-------- TASK MATERIAL --------

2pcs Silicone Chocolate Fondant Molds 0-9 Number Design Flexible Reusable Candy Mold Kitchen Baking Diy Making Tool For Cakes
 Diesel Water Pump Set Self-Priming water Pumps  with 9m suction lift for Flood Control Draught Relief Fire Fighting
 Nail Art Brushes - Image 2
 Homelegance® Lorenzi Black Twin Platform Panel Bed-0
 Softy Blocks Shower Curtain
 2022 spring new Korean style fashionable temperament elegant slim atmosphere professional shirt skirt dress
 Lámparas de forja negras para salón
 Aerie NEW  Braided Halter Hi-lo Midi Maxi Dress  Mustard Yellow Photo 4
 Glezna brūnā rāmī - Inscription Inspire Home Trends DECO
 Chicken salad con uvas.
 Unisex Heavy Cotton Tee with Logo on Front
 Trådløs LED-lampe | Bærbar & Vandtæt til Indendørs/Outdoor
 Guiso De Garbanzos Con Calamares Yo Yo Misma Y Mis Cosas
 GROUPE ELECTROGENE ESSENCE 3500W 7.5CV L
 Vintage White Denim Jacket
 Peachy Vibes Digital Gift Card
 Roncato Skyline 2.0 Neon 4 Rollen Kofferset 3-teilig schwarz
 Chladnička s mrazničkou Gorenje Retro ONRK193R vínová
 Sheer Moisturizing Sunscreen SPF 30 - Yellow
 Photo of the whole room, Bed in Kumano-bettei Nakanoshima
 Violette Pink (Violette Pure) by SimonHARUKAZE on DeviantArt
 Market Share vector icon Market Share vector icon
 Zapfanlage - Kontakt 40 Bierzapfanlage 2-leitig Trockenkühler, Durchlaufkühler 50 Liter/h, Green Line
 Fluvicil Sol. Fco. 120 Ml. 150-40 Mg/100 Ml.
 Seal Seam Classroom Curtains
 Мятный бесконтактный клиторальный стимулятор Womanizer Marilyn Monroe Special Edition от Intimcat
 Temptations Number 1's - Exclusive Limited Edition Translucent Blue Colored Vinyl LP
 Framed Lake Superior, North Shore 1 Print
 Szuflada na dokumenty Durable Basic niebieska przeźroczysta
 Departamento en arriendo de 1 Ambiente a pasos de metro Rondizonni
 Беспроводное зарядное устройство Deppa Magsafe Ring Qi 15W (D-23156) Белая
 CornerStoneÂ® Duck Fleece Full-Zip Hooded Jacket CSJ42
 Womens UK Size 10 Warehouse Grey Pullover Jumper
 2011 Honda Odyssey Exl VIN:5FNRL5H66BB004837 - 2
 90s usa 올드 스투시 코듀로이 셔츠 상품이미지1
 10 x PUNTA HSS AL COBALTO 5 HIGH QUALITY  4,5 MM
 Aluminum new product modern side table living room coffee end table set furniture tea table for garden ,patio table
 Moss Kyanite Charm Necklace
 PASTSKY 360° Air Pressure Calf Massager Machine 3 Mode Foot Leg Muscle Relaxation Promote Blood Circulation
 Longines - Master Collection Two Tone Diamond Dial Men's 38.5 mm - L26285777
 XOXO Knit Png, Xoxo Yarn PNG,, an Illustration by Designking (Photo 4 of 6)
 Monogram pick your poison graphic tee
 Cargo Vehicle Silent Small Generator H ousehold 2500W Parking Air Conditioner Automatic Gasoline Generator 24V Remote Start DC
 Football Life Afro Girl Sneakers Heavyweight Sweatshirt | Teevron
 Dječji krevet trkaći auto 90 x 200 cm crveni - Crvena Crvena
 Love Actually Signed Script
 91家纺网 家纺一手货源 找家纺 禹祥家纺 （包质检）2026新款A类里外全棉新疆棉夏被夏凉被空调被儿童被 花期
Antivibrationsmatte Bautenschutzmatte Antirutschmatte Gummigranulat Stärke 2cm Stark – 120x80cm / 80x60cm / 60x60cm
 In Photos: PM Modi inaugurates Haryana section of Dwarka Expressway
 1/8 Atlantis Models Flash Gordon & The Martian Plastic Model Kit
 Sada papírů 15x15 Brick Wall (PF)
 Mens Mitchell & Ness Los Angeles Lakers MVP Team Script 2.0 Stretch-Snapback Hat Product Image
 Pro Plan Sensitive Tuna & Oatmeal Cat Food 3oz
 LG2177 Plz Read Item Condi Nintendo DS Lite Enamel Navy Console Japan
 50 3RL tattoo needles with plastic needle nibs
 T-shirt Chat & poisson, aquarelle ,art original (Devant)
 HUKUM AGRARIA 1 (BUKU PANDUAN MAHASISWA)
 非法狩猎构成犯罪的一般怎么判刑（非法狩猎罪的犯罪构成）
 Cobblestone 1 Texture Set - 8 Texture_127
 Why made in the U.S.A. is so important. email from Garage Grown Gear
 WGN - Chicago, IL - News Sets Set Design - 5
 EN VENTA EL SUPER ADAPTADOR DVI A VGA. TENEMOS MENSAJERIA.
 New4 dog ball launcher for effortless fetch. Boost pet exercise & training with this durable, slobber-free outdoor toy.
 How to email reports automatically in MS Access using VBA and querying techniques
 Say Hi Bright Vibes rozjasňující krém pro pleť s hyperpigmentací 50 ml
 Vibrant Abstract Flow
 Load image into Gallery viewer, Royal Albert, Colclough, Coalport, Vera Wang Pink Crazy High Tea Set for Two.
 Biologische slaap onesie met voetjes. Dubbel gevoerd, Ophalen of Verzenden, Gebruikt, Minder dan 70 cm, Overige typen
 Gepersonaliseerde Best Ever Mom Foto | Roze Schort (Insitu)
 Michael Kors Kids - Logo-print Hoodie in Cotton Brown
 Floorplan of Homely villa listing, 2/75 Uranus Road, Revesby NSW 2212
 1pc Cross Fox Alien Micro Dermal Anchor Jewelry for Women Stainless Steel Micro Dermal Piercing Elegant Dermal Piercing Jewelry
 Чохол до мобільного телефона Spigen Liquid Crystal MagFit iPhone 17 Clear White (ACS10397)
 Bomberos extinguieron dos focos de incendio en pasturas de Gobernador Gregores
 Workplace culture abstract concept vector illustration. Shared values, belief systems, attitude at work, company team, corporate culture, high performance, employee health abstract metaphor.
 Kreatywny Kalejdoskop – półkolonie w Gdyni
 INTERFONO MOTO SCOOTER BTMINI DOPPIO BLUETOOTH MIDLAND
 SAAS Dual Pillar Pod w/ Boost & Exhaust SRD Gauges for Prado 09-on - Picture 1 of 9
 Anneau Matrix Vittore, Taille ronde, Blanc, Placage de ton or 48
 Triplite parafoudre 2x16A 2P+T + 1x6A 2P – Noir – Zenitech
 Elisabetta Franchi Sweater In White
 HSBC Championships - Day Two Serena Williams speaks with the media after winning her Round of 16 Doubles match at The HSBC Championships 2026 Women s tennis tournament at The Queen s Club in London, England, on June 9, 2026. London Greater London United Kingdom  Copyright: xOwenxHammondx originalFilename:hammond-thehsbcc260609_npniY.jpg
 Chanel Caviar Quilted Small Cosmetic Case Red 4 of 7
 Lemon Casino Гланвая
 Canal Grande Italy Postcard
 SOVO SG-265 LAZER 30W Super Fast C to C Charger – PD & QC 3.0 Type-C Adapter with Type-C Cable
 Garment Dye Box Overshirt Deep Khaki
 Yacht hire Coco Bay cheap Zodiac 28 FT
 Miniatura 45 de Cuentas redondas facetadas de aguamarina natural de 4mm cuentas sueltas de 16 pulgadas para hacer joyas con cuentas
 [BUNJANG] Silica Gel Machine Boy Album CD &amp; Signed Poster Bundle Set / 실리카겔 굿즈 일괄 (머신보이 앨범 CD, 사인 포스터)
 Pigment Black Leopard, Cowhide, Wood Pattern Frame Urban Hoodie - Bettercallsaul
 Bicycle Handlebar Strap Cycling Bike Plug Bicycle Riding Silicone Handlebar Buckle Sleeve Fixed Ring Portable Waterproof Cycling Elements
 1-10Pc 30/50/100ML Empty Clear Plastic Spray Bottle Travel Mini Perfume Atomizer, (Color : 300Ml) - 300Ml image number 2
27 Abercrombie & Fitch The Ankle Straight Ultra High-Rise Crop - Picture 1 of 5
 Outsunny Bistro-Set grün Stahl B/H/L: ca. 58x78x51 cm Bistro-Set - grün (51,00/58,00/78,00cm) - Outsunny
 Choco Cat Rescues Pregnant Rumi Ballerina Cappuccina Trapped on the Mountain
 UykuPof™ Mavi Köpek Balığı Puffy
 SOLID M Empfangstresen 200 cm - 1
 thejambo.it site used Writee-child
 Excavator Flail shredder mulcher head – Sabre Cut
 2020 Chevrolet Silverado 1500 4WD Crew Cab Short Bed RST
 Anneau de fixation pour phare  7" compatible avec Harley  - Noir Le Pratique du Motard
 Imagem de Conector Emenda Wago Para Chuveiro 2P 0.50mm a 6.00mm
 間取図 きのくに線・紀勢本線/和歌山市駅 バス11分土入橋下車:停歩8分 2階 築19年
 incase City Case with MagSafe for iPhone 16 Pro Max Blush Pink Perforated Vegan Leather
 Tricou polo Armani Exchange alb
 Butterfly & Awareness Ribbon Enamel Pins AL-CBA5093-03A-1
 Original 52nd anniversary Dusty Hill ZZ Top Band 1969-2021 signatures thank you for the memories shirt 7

--------

▶ **TASK DIRECTIONS**: Find the line with "Chanel Caviar Quilted" in the material above. Reproduce it and each line after it up to and including the line with "Miniatura 45 de".

▶ **EXERCISE SOLUTION**:
 Chanel Caviar Quilted Small Cosmetic Case Red 4 of 7
 Lemon Casino Гланвая
 Canal Grande Italy Postcard
 SOVO SG-265 LAZER 30W Super Fast C to C Charger – PD & QC 3.0 Type-C Adapter with Type-C Cable
 Garment Dye Box Overshirt Deep Khaki
 Yacht hire Coco Bay cheap Zodiac 28 FT
 Miniatura 45 de Cuentas redondas facetadas de aguamarina natural de 4mm cuentas sueltas de 16 pulgadas para hacer joyas con cuentas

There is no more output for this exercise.